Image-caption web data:
####

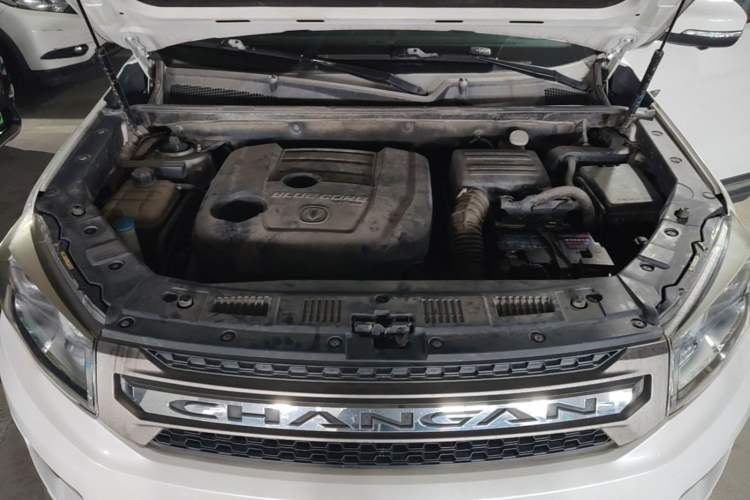 Used CHANGAN CS75 2017 Shangkui Edition 1.5T Manual Luxury Model Engine Bay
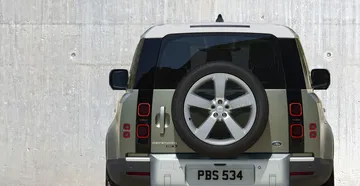 Land Rover Defender 2020 172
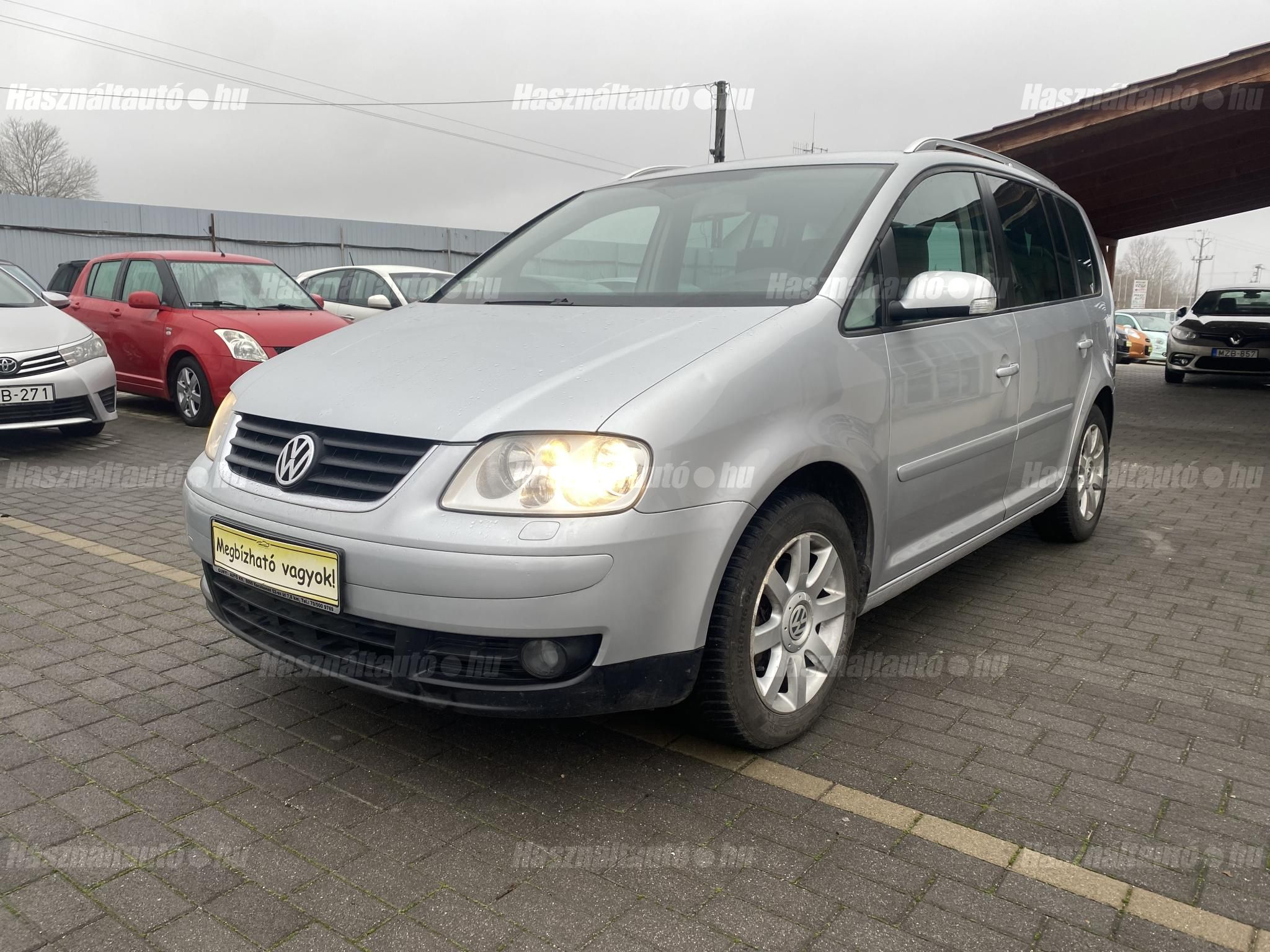 VOLKSWAGEN TOURAN 2004/3 - 1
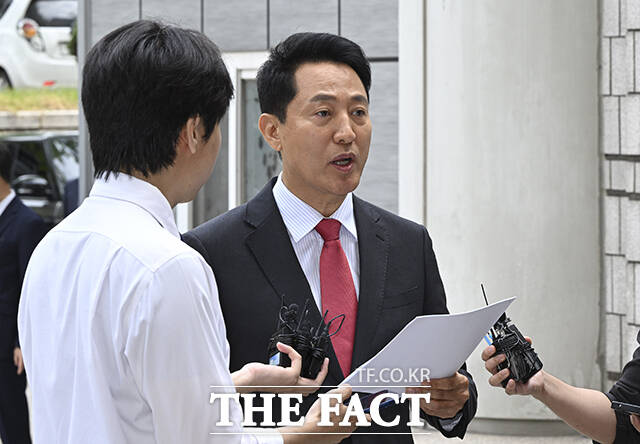 오세훈 서울시장이 17일 오전 서울 서초구 서울중앙지방법원에서 열린 여론조사 대납 의혹 관련 결심공판에 출석하며 입장을 밝히고 있다. /박헌우 기자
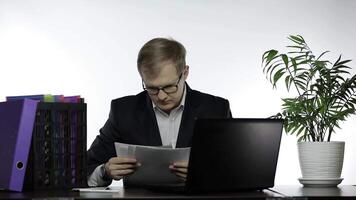 Manager working in office. Reading paper report shrugging shoulders in doubting video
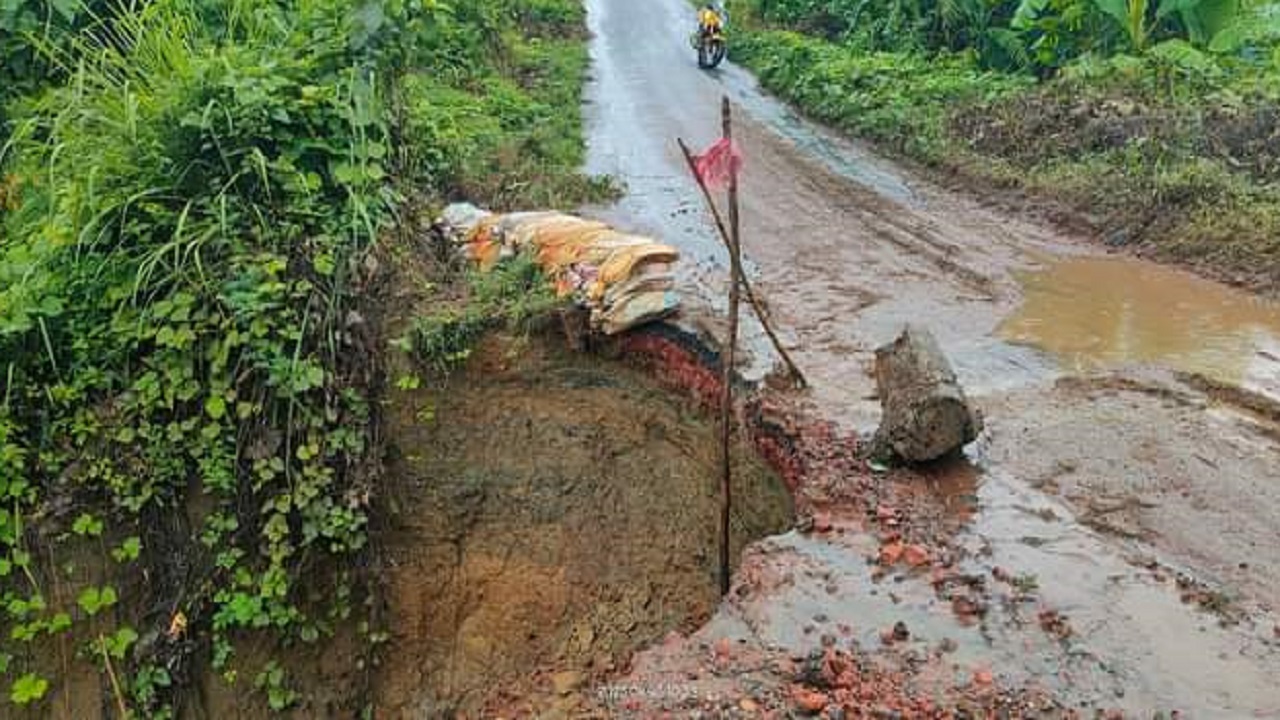 রাঙামাটিতে পাহাড় ধসে ভেঙে পড়ে একটি সড়কের পাড়। ছবি : কালবেলা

####

> **Task item**:
Restate the records above exactly, less any pictures.

> **Reply to the task**:
 Used CHANGAN CS75 2017 Shangkui Edition 1.5T Manual Luxury Model Engine Bay
 Land Rover Defender 2020 172
 VOLKSWAGEN TOURAN 2004/3 - 1
 오세훈 서울시장이 17일 오전 서울 서초구 서울중앙지방법원에서 열린 여론조사 대납 의혹 관련 결심공판에 출석하며 입장을 밝히고 있다. /박헌우 기자
 Manager working in office. Reading paper report shrugging shoulders in doubting video
 রাঙামাটিতে পাহাড় ধসে ভেঙে পড়ে একটি সড়কের পাড়। ছবি : কালবেলা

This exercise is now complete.